*** Opening of SUPPLIED DATA ***

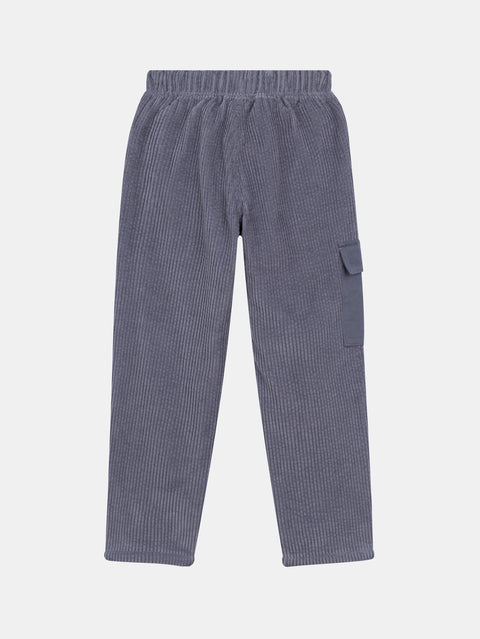 Grey Micropolar Lined Corduroy Trousers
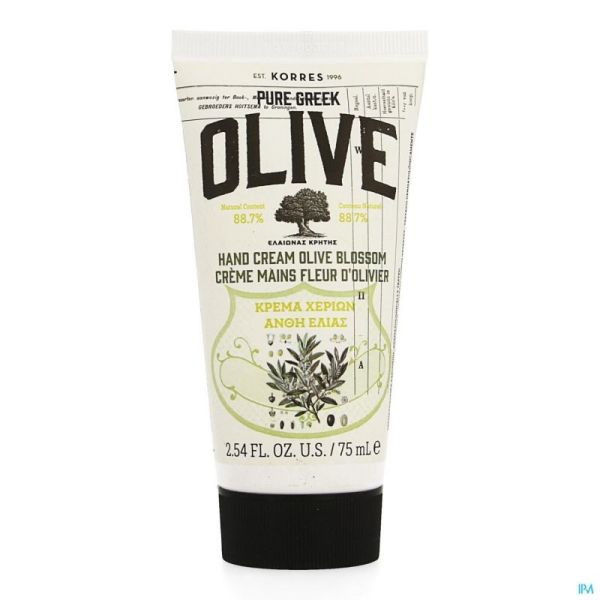 Korres kb crème mains olive flacon olivier    75ml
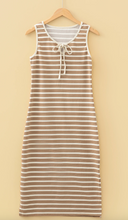 Load image into Gallery viewer, Pre-Order Stripe Tie V Neck Sleeveless Side Slit Midi Dresses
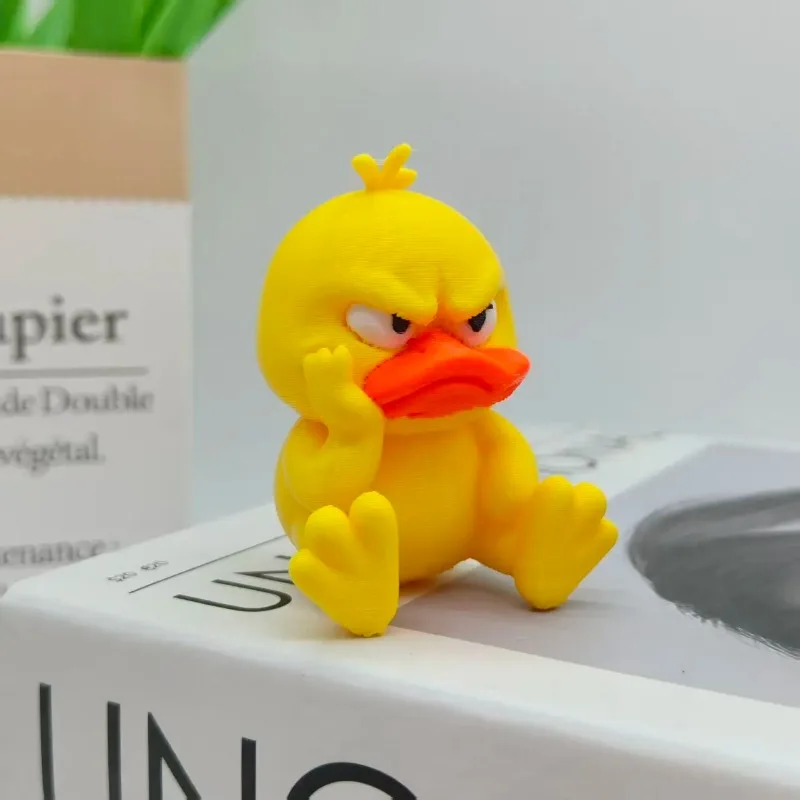 3D Printing Angry Yellow Duck Statue White Eyed Funny Duck, Humorous Indoor outdoor Christmas Home Decoration and Car Decoration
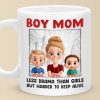 Raising Boys, Surviving Chaos - Family Personalized Custom Mug - Mother's Day, Gift For Mom, Son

*** Close of SUPPLIED DATA ***

(EXERCISE AIM)
Copy exactly the lines from the one containing "Load image into" through the final line of the records above, both included, and leave out any pictures.

(EXERCISE RESULT)
 Load image into Gallery viewer, Pre-Order Stripe Tie V Neck Sleeveless Side Slit Midi Dresses
 3D Printing Angry Yellow Duck Statue White Eyed Funny Duck, Humorous Indoor outdoor Christmas Home Decoration and Car Decoration
 Raising Boys, Surviving Chaos - Family Personalized Custom Mug - Mother's Day, Gift For Mom, Son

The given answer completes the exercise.